Ao olhar a grande figura, enterramo-nos. Muitos já estão enterrados. Até onde, isso não sabem: ainda falam.
Os que se destinam a ser colados nas paredes da cidade serão alimentados com detritos. Habituaram-nos a este alimento. Deve bastar-lhes.

Nos baixios da memória, o céu. Restos. Restos de luz cujo emprego ignoramos.

Estamos à espera dos curativos. Vem atrasada a entrega dos curativos.

Vai-se adensando a sujidade.

Máquinas, então. Outras máquinas. Mais máquinas ainda. Havemos de descobrir. A cabeça continua plástica.

Passam ondas: de frio, de medo, de raiva, de impotência, de insubmissão, de incondicional protesto...
Ondas: para irem atracar aonde?

E sempre mais abaixo, procurar na cisterna do corpo.

Época das sagradas latrinas. Os olhares já não vêem as mesmas partes, e os mesmos conjuntos também não.

Por água abaixo. Por água abaixo ou de costas prà parede.

Christus não resistiu ao confronto.

Por cima das cidades as nuvens já não partem. As manhãs não regressam.
Violentamente agitadas as jaulas, mas sempre jaulas.

O Número aumenta.
Uniformemente, o ovo, em miríades, o ovo, as saídas do ovo; família para as necessidades do ovo, cadeia sem fim, manivela proveniente dos desejos. Quantos ovários oferecidos por esse mundo fora!

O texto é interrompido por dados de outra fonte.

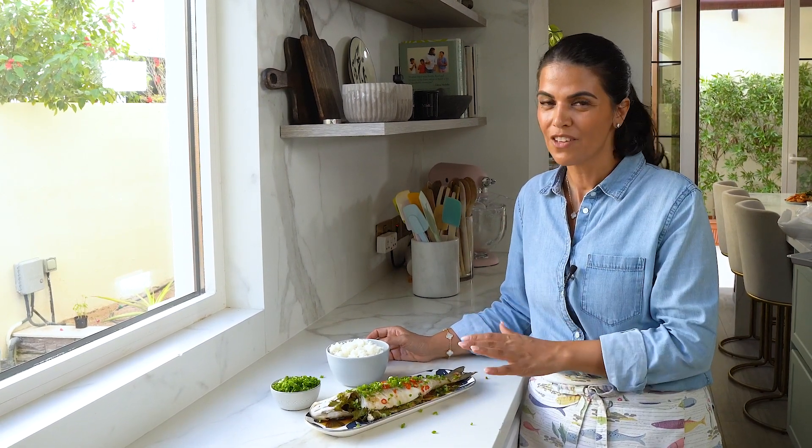This is one of our favorite weeknight meal recipes. Very healthy, very flavorful, and very easy to make. Hope you try this at home — see you guys later!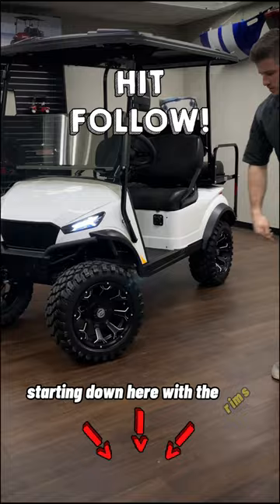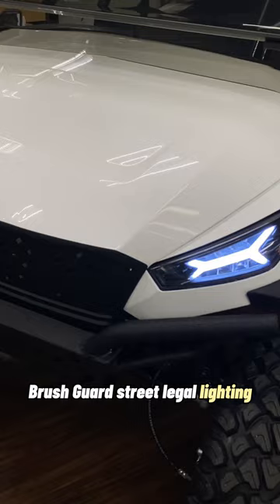Starting down here with the rims, we've got 14-inch matte black Ravens, 23-inch radial all-terrain tires, independent thrust suspension with four-wheel hydraulic disc brakes, and the storm body kit and rush guard.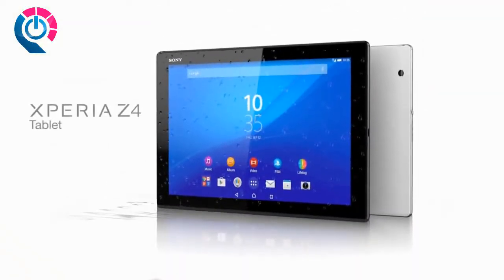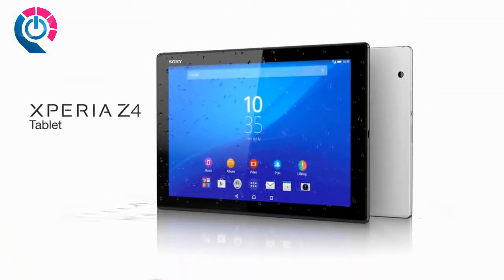The Xperia Z4 Tablet from Sony. Inspiring you to make every day extraordinary.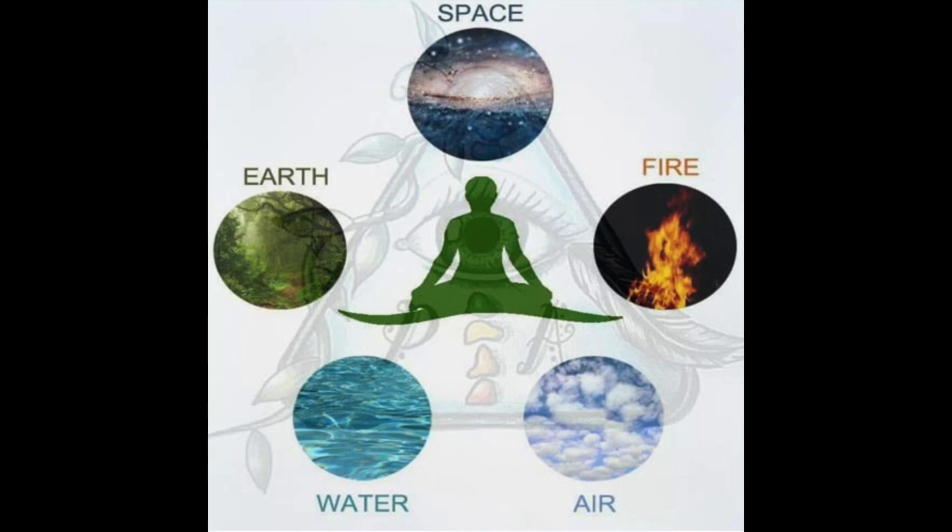The first element — Pritvi — is the element of earth. I would invite us each to notice where the parts of our body are touching the earth. For some of you it's your seat; some are lying down; some may be standing and it's your feet. Notice those spots physically where you have a connection to the element of earth — the solidness of it, the heaviness of it, the stability of it. Just notice.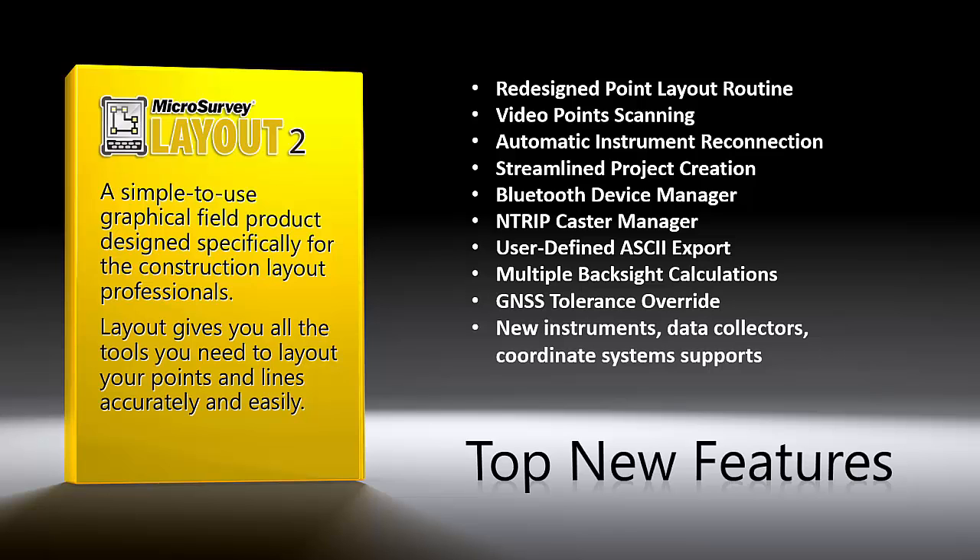Welcome to the Upgrade Tour for Microsurvey Layout 2. My name is Yifan Xia, and I am the Mobile Product Manager for Microsurvey. I want to take a few minutes of your time to go over some of the new features we have added in Layout 2.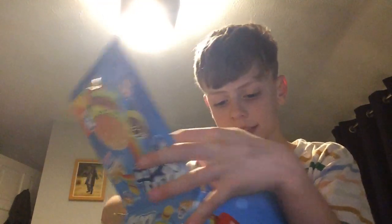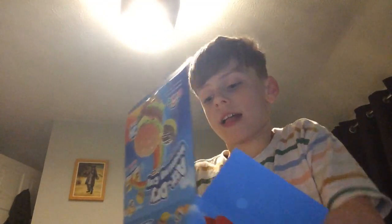This is what they start off like — packs of clay — and then I turned it into that. So it's pretty good to be honest. Would recommend, yeah, just really good.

Os destinos de milhares de milhões de homens. Visíveis por todo o lado, mostrados, outra vez mostrados. A gente segue-os. Toda a gente ferida por toda a gente. Em massa em reservatórios.

Ouvir, ouvir de novo, dever de ouvir, dever de conhecer os acontecimentos.

Quanto ao solitário, por todos há-de ser enlameado.

Estamos aqui, onde não se pode estar sem desaparecer.

Mais alguns dias.

Em redor, máquinas com rodas em acção. Em andrajos coloridos, os últimos nelas montados dão ainda umas voltas.

Alguns caem. Não voltamos a vê-los. Mas ainda sobram. Ainda sobram enormemente.

Os recém-chegados. A nova agitação. A nova explicação. Novos malefícios.

A gritar, agarram-se e agarram-se. Todos, a todo o preço, aparecerem pelo menos uma vez no terraço.

Mal sabem ler e já imperadores. Rebanhos de imperadores.

Véspera de catástrofe. Instalação-mudança a preceder aniquilamento.

Em civilização atrelada, a gaivota e o veado ao mesmo jugo atrelados.

Profundos são os poços para onde somos aspirados; profundos como o mar.

A quantidade terá prevalecido.
Eles gostam de puxar uma corda a que muitos estão agarrados.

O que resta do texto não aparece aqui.